There is a grim, almost admirable efficiency to murdering a man at a funeral. Consider the logistics for a moment, if you can detach yourself from the performative pearl-clutching that inevitably follows such events. The mourners are already assembled, dressed in their finest bleak attire. The priest is on the clock. The hole is already dug. In terms of project management, turning a memorial service into a double feature is strictly good time management. It is, perhaps, the only instance of efficiency one will ever find in the Mediterranean, a region otherwise defined by lethargic bureaucracy and wine-soaked procrastination.

Yet, the headlines scream that the island of Corsica is 'shocked' by a recent gangland execution amidst the tombstones. Shocked? Really? To be shocked by a murder in Corsica is akin to being stunned that the floor of a movie theater is sticky or that a politician has sold their grandmother for a polling bump. It implies a level of willful ignorance that borders on the pathological. This is not the Cotswolds. This is not some neutered, sanitized suburb where the HOA measures the grass height with a ruler. This is Corsica, a place where the primary export is not olive oil or goat cheese, but the vendetta.

Let us dismantle the word 'idyllic,' which every lazy journalist slaps onto descriptions of this rock like a garnish on a plate of rancid meat. Yes, the water is blue. Yes, the cliffs are dramatic. But beneath that postcard veneer lies a societal structure that hasn't evolved significantly since the Bronze Age. We are talking about a locale that boasts one of the highest murder rates in France, a statistic that stands as a testament to the local populace’s conflict resolution skills. When a disagreement arises in civilization, one sues. In the 'idyllic' south, one waits for a funeral procession and opens fire. It is tribalism masquerading as romantic outlaw culture, and frankly, it is boring.

The tragedy here isn't just the loss of life—though I’m sure the deceased was a paragon of virtue, as all gangland targets inevitably are in the teary-eyed retrospectives of their accomplices. The tragedy is the collective delusion that this is an anomaly. The 'Isle of Beauty' has a long, illustrious history of blowing things up. Post offices, police stations, holiday villas, and each other. The violence is as much a part of the terroir as the grapes. To pretend otherwise is to engage in a fantasy where human nature is fundamentally good, rather than a simmering pot of greed and violence held in check only by the threat of incarceration.

And let us speak of the French state’s role in this sordid little drama. The Republic loves to posture about law and order, projecting the image of a centralized, powerful entity that tolerates no nonsense. In reality, their control over Corsica is about as firm as a damp crepe. The police descend, they tape off the scene, they collect the brass casings, and then they run face-first into the 'Omertà'—the code of silence that is romanticized in fiction but in practice is simply cowardice branded as honor. No one saw anything. No one heard anything. The shooter might as well have been a phantom conjured by the coastal wind.
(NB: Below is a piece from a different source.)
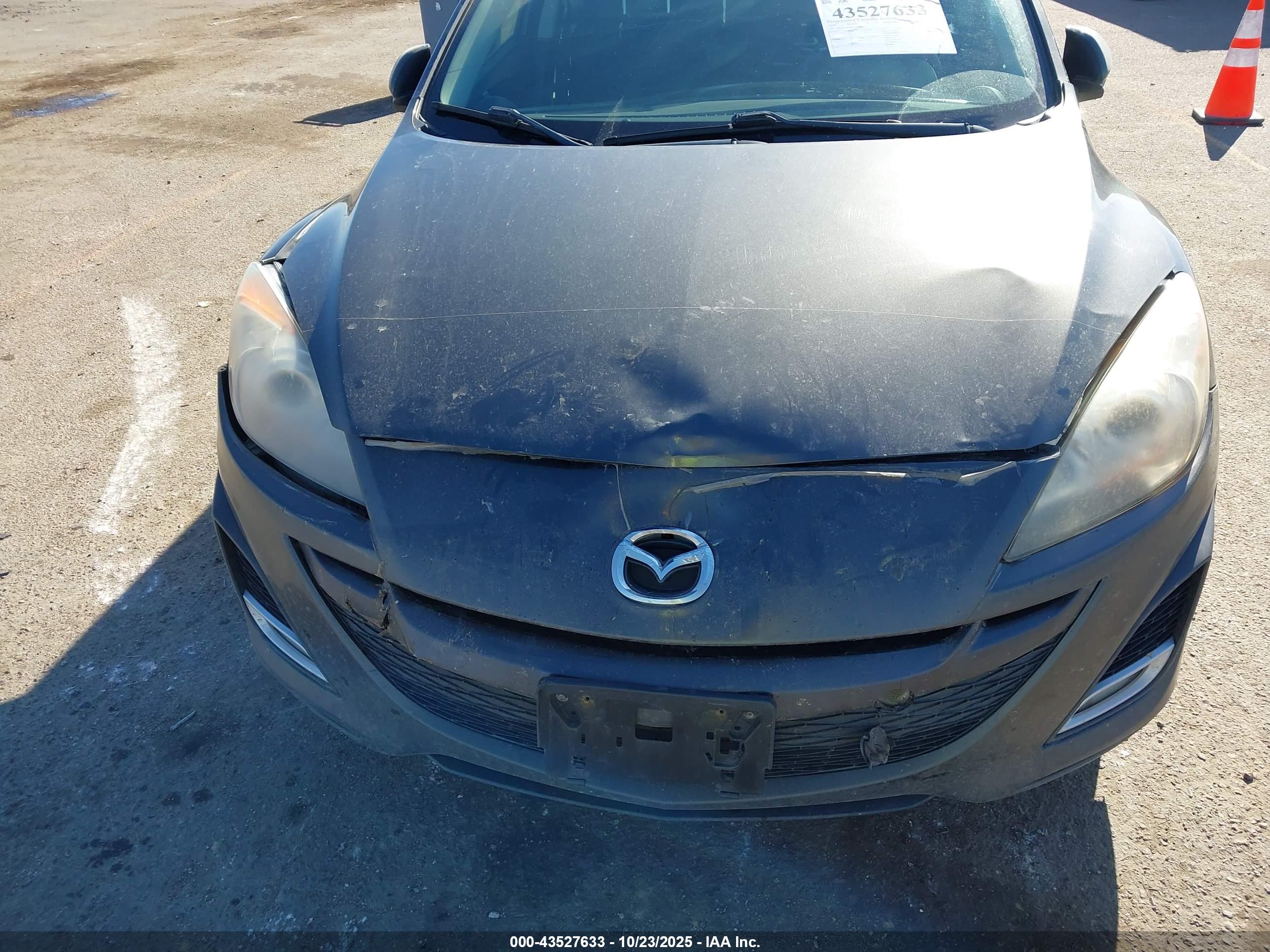 MAZDA MAZDA3 image 6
It is a conspiracy of silence that implicates the entire community, turning every silent witness into an accessory to the barbarism they claim to despise.

We must also address the sheer tackiness of the venue choice. There was a time when even the most degenerate cutthroats respected the sanctity of the cemetery. It was a line in the sand—you kill a man in the street, in a restaurant, or in his bed, but you let him put his mother in the ground first. That this line has been crossed suggests a deterioration in the quality of our criminals. We aren't dealing with the brooding, principled godfathers of cinema; we are dealing with impulsive, adrenaline-addled thugs who lack the patience to wait for the reception. It is the Uber-fication of organized crime: fast, cheap, and devoid of any professional standards.
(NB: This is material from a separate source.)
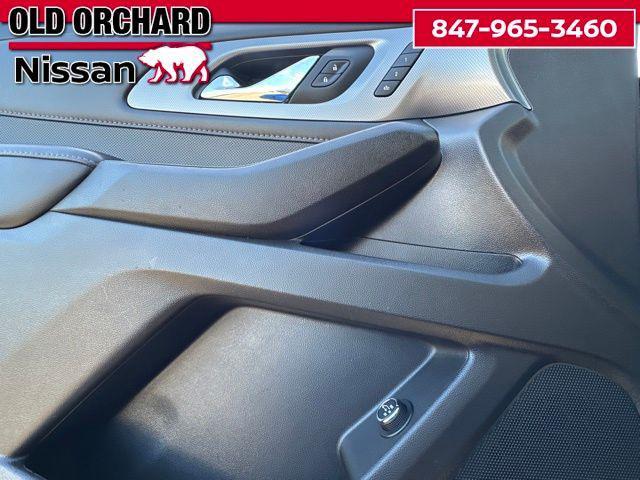 used 2021 Chevrolet Traverse car, priced at $30,972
So, spare me the shock. Spare me the weeping over the shattered peace of an idyllic paradise. The peace was never there. It was merely a pause between gunshots. The locals will bury the dead, scrub the blood off the church steps, and go right back to glaring at each other across the cafe tables, waiting for the next opportunity to settle a score that probably began over a stolen goat three generations ago. The world is not a polite place, and Corsica is simply honest enough to admit it with a bullet.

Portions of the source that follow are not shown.